What might be most wild about this story line is that Miranda is talked out of being miffed by it in a matter of minutes. Che shrugs it off as no biggie, and all it takes is a few kisses for Miranda to forget the whole thing. This is the same woman who walked out on a man at a comedy club in the original series when she found out her date was separated, but not divorced, from his wife.

Which brings me to an argument I made throughout Season 1, which most people disagreed with me on. But I’m sticking to it: So much of who Miranda is now and what she does seem out of character because she has never been hit this hard by love. Che is the “core shaker” none of her other partners — including her ex-husband, Steve Brady (David Eigenberg) — ever were, which has softened Miranda in a way many of us never thought we would see. Our self-sufficient queen never worried before that she couldn’t make it on her own. But for the first time, she has something to lose. It shows.

Conversely, we discover that Nya has perhaps been holding onto something she should have lost a long time ago. She catches her husband, Andre Rashad (LeRoy McClain), writing songs in a hotel room with a hat-wearing ingénue, but he tells Nya he hasn’t cheated on her “yet.” If that’s not vomit-inducing enough, he says that Nya has one last shot to prevent it by using a surrogate to have his baby.

Meanwhile, Carrie is asked to read an ad for a vaginal wellness company, and she just can’t stomach it. She hates all the icky language and simply can’t bring herself to talk about issues “down there.” She insists on reworking the copy. This is such a clumsy storyline, and one that does no justice to the Carrie we have known for a quarter-century. A vaginal wellness product as a sponsor for her podcast is entirely on brand. The idea that Carrie would be so thrown by the pairing is absurd.

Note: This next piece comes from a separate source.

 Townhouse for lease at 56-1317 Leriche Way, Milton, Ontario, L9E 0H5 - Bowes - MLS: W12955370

That she and Franklyn task themselves with rewriting the copy instead of simply asking some lackey on the marketing team to request a less geriatric word for “suppository” is a colossal waste of their time. That Carrie, you know, the sex writer, has to call multiple sources to ask what words they use for “vagina” — and that Franklyn feels it necessary to download Final freaking Draft to punch up a few lines of text that could easily have been edited on a napkin — brings this whole sequence to a level of buffoonery we’ve not seen since Kim Cattrall’s Samantha graced us with “Lawrence of my labia.”

The most ridiculous thing the audience is asked to believe, though, is that Carrie’s refusal simply to read this copy out loud is the final straw that collapses the entire podcast empire. That’s it. That one ad didn’t pan out, and the whole company crumbles. The “Sex and the City” podcast is no more, and with it, the Thursday night sessions with Franklyn die off as well.

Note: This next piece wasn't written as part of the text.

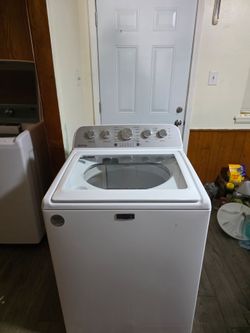 MAYTAG WASHER EXCELENT CONDITION XL CAPACITY 4.8 CU CLEAN AND DESINFECTED DELIVERY AVAILABLE FOR EXTRA FEE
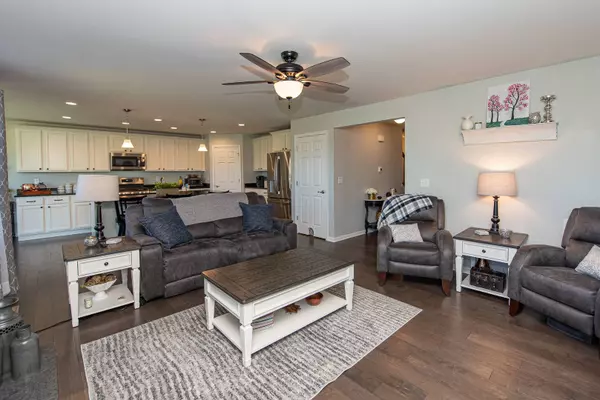 1647 Shetland LN, Yorkville, IL 60560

Maybe it’s for the best, though, for us, as viewers. Carrie has a blank slate now, both personally and professionally. No job, no man, but plenty of financial stability and freedom to do whatever she wants. It’s exciting to think about where that might take her with no chance of running back to the late Mr. Big (Chris Noth). Especially for the Aidan stans among us.

Season 2 seems to be taking particular care to be inclusive on more than just a surface level. The first season introduced principal characters of color to the franchise for the first time but took heavy fire for what critics perceived as racial and queer tokenism. This season, it appears that at least some of the Black characters’ story lines are being written with a bit more awareness about the challenges specific to many Black Americans. In one example, Herbert and Lisa frantically fix their daughter’s hair in hopes of meeting the antiquated ideals of Herbert’s mother; in another, Herbert is ignored by successive taxis and is reprimanded by his mother for playing into an “angry Black man” stereotype. It remains to be seen how thoughtfully the show will navigate these issues in future episodes, but the shift so far signals at least an attempt to course-correct after the missteps of Season 1.